Dla laika kalcynator to gigantyczna rura z kilkoma „kołnierzami” wokół. Fachowcy wiedzą, że ta rura, po zamontowaniu na fundamentach, będzie sercem linii prażenia gipsu. Aby otrzymać budowlany gips półwodny, zawierający w swym składzie chemicznym jedynie pół cząsteczki wody, należy wyprażyć gips dwuwodny (posiada w swym składzie dwie cząsteczki wody). Proces ten zachodzić będzie w wysokiej temperaturze właśnie w kalcynatorze. Już wkrótce zainstalowany on zostanie w nowej gipsowni GRUPY ATLAS, jaka powstaje na terenie Elektrowni Pątnów-Adamów-Konin. Bowiem gips dwuwodny pozyskiwany będzie w tym wypadku z odsiarczania spalin z elektrowni.
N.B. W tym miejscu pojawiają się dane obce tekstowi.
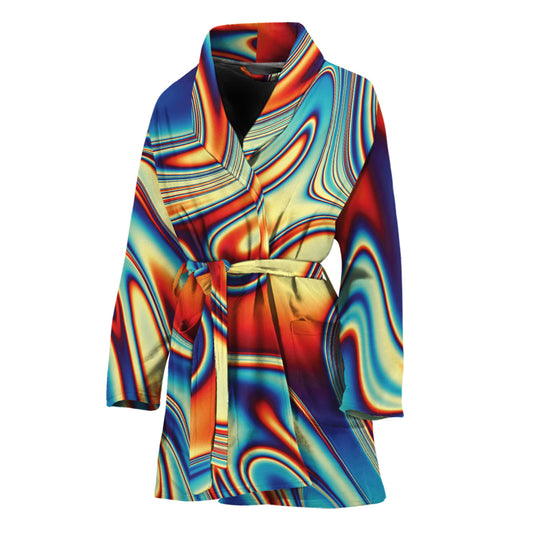 Psychedelic Wave Print Women's Bathrobe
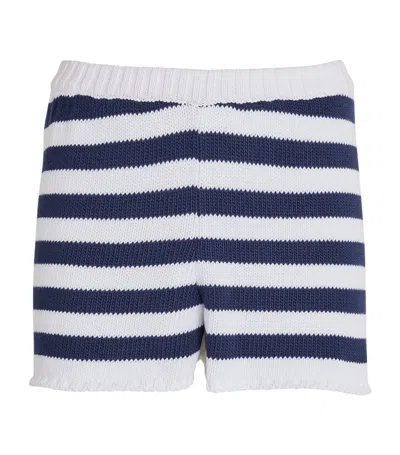 Rowen Rose Knitted Striped Shorts In Blue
Kalcynator gigant o wadze 177 ton, 33 metrach długości – jedenaście pięter! – i 4,20 m średnicy bieżni (owego „kołnierza”) wędrował na barce od 3 grudnia z niemieckiego Dinklage z Dolnej Saksonii, poprzez Kanał Śródlądowy do Szczecina, a potem wodami Odry i Warty do Portu Rzecznego w Koninie. Po drodze, w Solcu Wielkopolskim, miał przymusowy postój, czekając aż stan wody opadnie na tyle, by bezpiecznie przepłynąć pod mostem.
Przeładunek kalcynatora z barki na platformę samochodową odbył się 5 lutego. W operacji udział wzięły dwa potężne dźwigi z firmy Grohmann Żuraw z Gdańska. W nocy ten niecodzienny ładunek przemierzył miasto. Czeka go jeszcze podróż koleją, by wreszcie, znów platformą, dojechać na miejsce przeznaczenia, gdzie zostanie osadzony na fundamencie. Dopiero po zainstalowaniu kalcynatora zostanie on obudowany halą.